## Exercise goal
Reproduce the following data exactly, minus any images.

## Records for this task
________
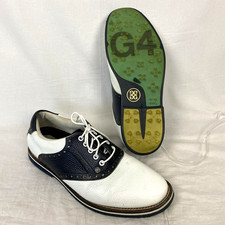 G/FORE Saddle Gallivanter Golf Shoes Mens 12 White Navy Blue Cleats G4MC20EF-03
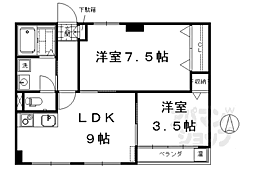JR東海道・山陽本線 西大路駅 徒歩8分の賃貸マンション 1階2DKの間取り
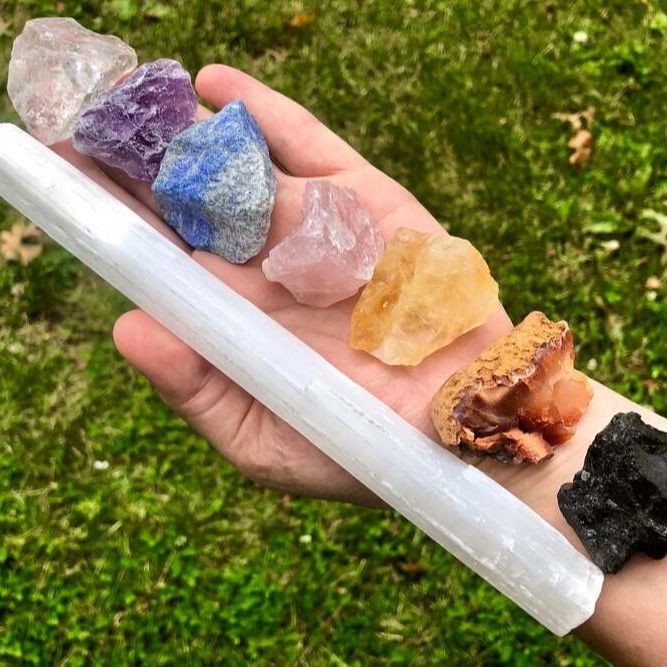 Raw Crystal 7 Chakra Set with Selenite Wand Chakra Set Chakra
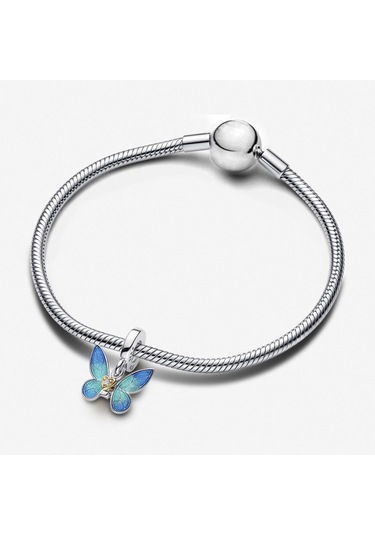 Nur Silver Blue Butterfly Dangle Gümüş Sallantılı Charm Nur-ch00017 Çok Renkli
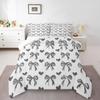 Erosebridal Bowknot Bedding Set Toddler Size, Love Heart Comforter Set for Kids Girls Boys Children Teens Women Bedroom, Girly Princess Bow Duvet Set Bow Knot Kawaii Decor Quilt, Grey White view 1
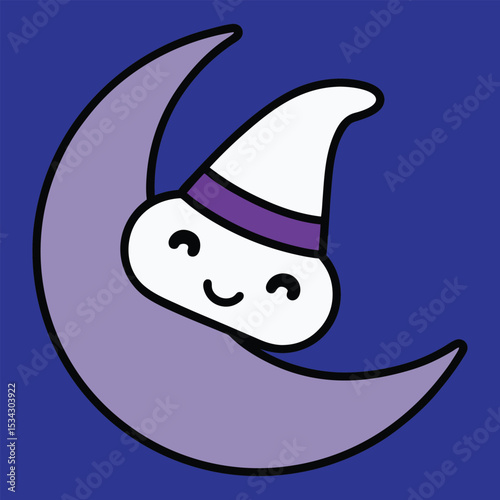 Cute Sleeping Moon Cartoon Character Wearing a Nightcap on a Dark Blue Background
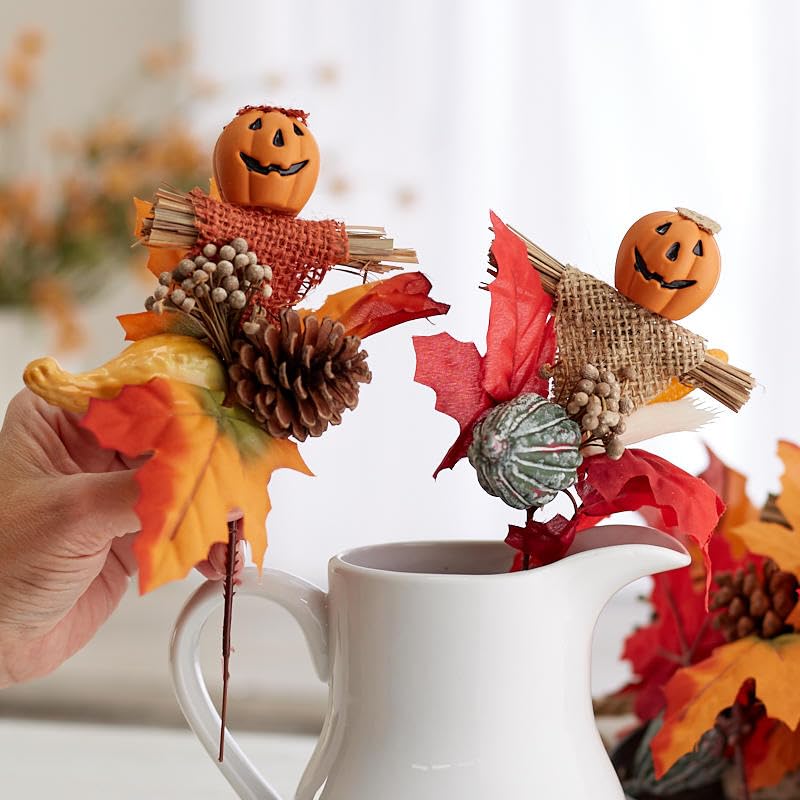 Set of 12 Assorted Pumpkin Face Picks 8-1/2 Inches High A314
________
## Task solution
 G/FORE Saddle Gallivanter Golf Shoes Mens 12 White Navy Blue Cleats G4MC20EF-03
JR東海道・山陽本線 西大路駅 徒歩8分の賃貸マンション 1階2DKの間取り
 Raw Crystal 7 Chakra Set with Selenite Wand Chakra Set Chakra
 Nur Silver Blue Butterfly Dangle Gümüş Sallantılı Charm Nur-ch00017 Çok Renkli
 Erosebridal Bowknot Bedding Set Toddler Size, Love Heart Comforter Set for Kids Girls Boys Children Teens Women Bedroom, Girly Princess Bow Duvet Set Bow Knot Kawaii Decor Quilt, Grey White view 1
 Cute Sleeping Moon Cartoon Character Wearing a Nightcap on a Dark Blue Background
 Set of 12 Assorted Pumpkin Face Picks 8-1/2 Inches High A314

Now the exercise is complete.